My relationships with other people are what I value. I tend to hold onto them even when they are beyond their expiration date; when there are clear indications that the relationship has gone sour and should be discarded, but I still tend to hold on to it because it is so difficult for me to let it go. There must be a way to salvage the relationship. There must be something I can do or try to keep it. Why is it so difficult for me to be blunt and just tell them that our relationship is no longer working for me? Why do I resist? Why? What am I afraid of? Am I afraid of being alone? This is clearly something I should contemplate.

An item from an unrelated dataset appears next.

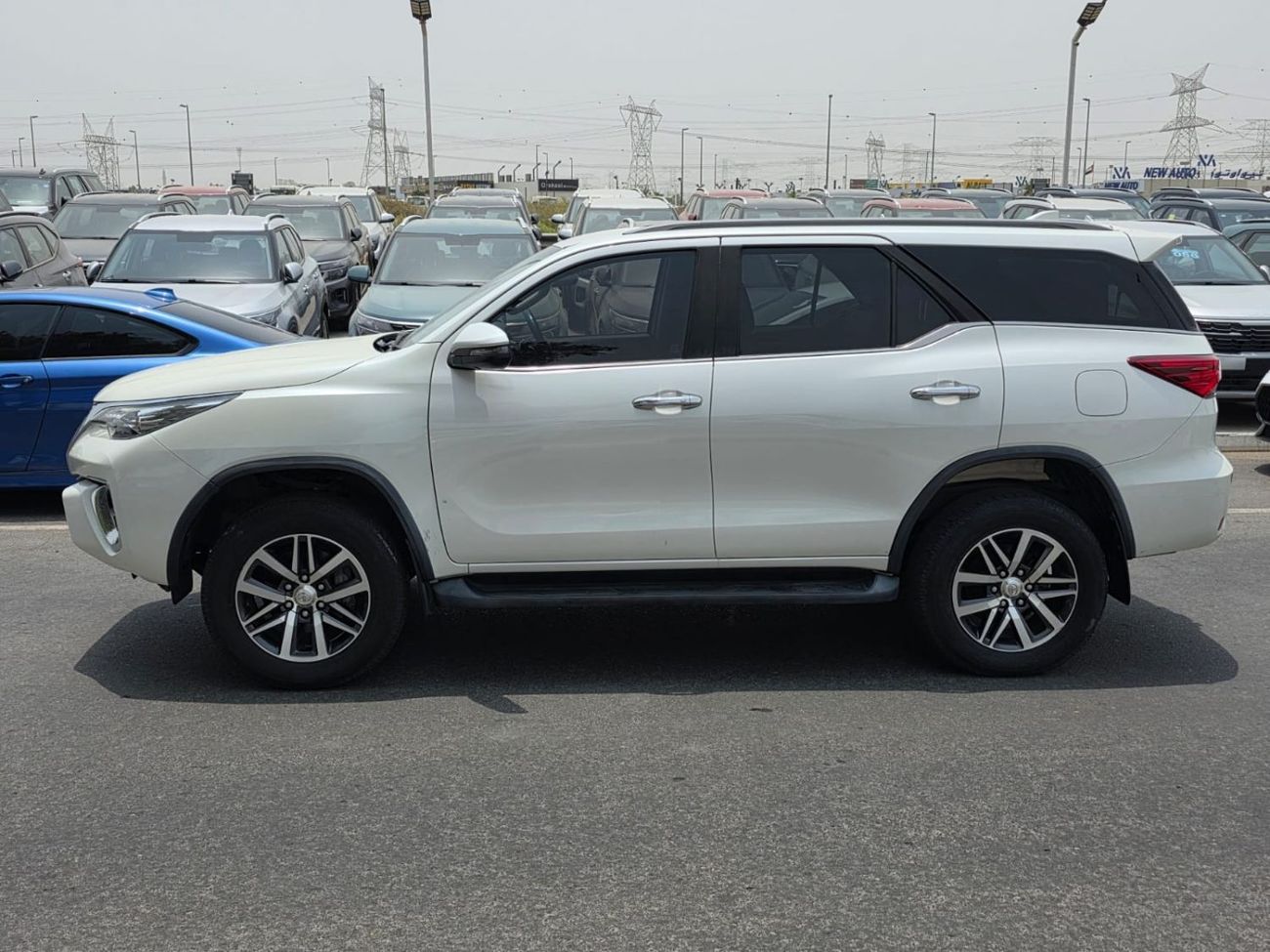 Toyota Fortuner diesel 2,8 liter right hand drive leather power seats with back camera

When the relationship has clearly ended and the ties are severed; I mourn. I mourn what we shared. I mourn what will no longer be. I allow myself time to experience the sadness and to heal from the loss; this is what is painful. Sometimes I find it is so difficult to comprehend why it was necessary for the relationships to end, especially when the end wasn’t something I consciously desired or intended. It adds to my confusion when the explanations or reasons for ending the relationships are muddled with false understandings of my communicated thoughts and speculated insights or when those that I were involved in the relationships with twist my motives or intentions to suit some preconceived beliefs they concocted about me in their minds. I’m saddened to stand in a space alone, when at one time I stood in that same space surrounded by those who I believed once loved me unconditionally. Obviously that is a false belief I held about them. I held unconditional love for them, but it was clearly not reciprocated. Unconditional love is limitless, complete, and absolute. Unconditional love means being able to reconcile any and all perceived differences within a relationship. Unconditional love does not hold grudges, does not search for things to be angry about or seeks to find a compilation of things that divide those in the relationship; instead it searches for things that unify and encourages harmony.
Regardless of their irrational behavior, their exaggerated emotional responses to me, my words, and deeds, their blatant disrespect for me and my position, or their simple apathy, and even when I was frustrated by any or all of these characteristics … I still loved them unconditionally … and I still love them now. I perceive their beautiful souls, their colorful personalities; the individuals that they are, stripped of their insecurities and fears and I still have a desire to have them in my life because of what I perceive, but I logically understand that it is not meant to be and in the moment when I unfriended the last one of them on facebook I felt a deep resonating grief.
It seems that we’ve reached the expiration date.